# Data below
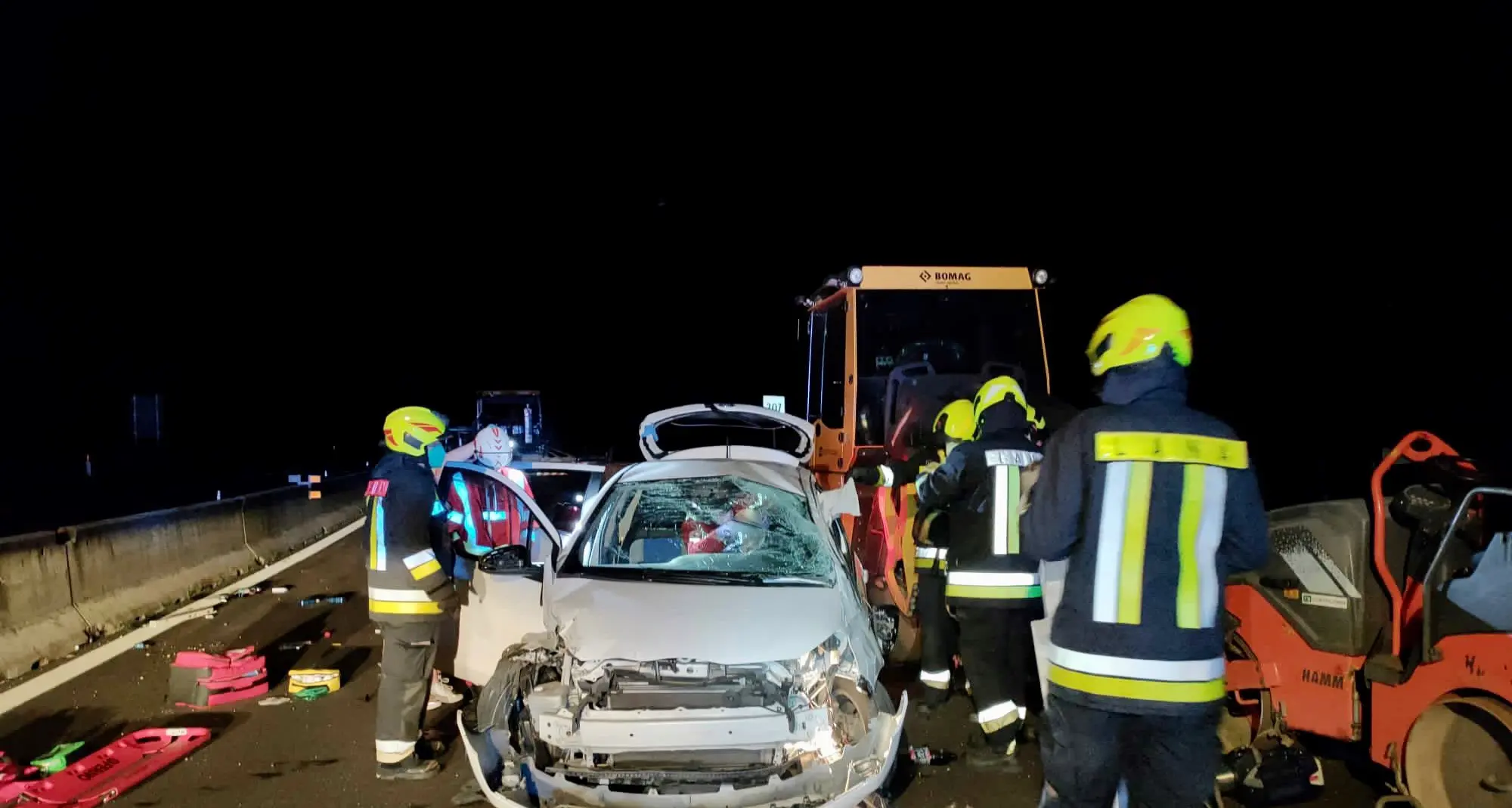 Tremendo incidente a Lana: l’auto finisce addosso al cantiere stradale e schianta contro le ruspe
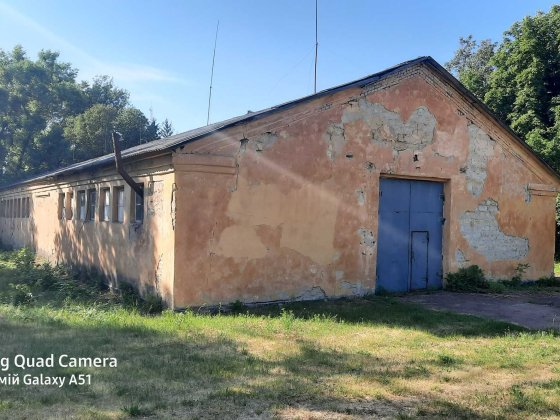 Продам  склад  виробництво  в  місті Прилуки 700 м\кв. Прилуки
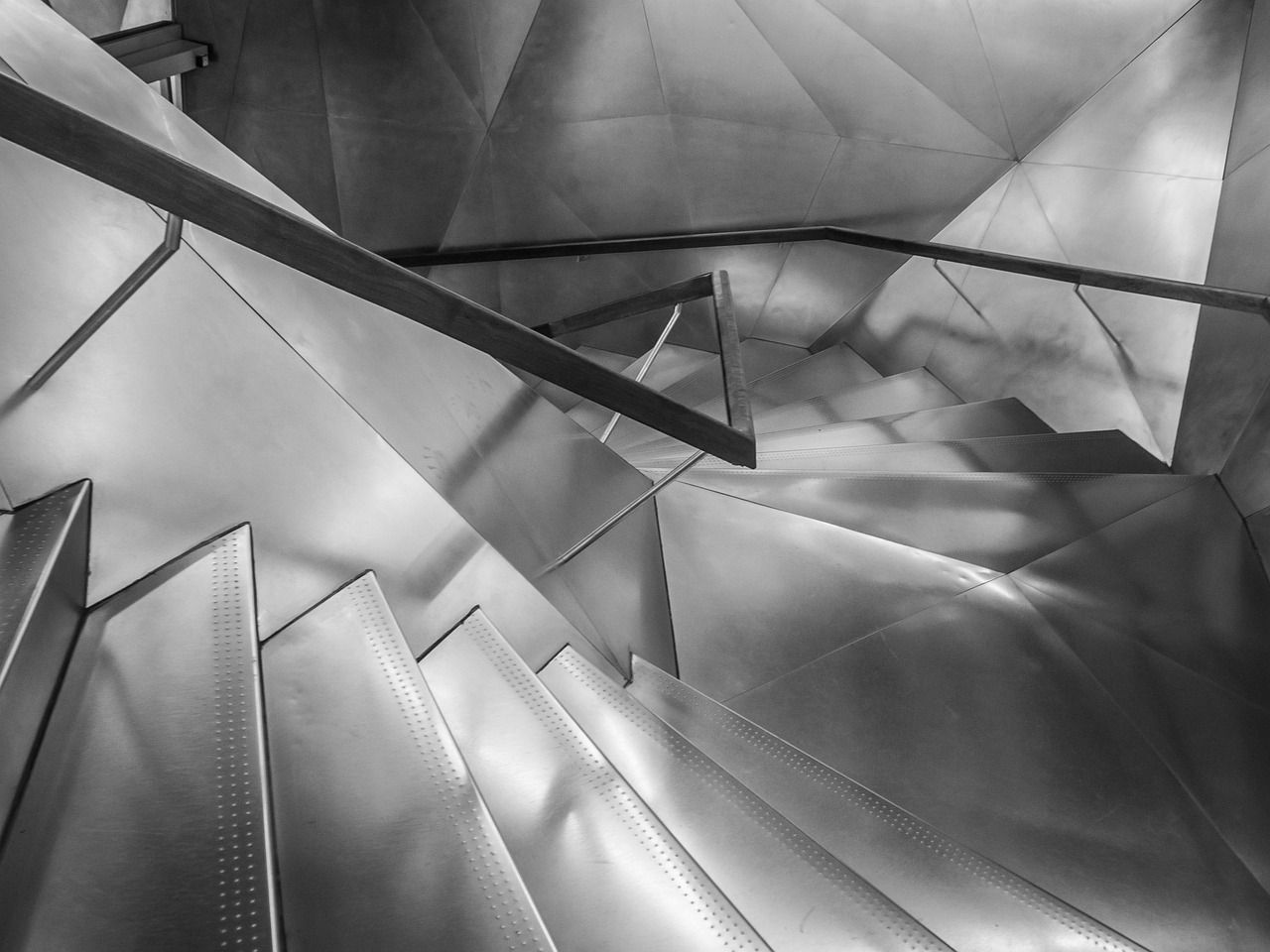 découvrez l'art contemporain, une exploration fascinante des expressions artistiques modernes qui reflètent les problématiques actuelles de notre société. plongez dans un univers créatif où les artistes innovent et repoussent les limites de la créativité.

# Assignment
Give the listing again exactly, minus its images.

# The completed task
 Tremendo incidente a Lana: l’auto finisce addosso al cantiere stradale e schianta contro le ruspe
 Продам  склад  виробництво  в  місті Прилуки 700 м\кв. Прилуки
 découvrez l'art contemporain, une exploration fascinante des expressions artistiques modernes qui reflètent les problématiques actuelles de notre société. plongez dans un univers créatif où les artistes innovent et repoussent les limites de la créativité.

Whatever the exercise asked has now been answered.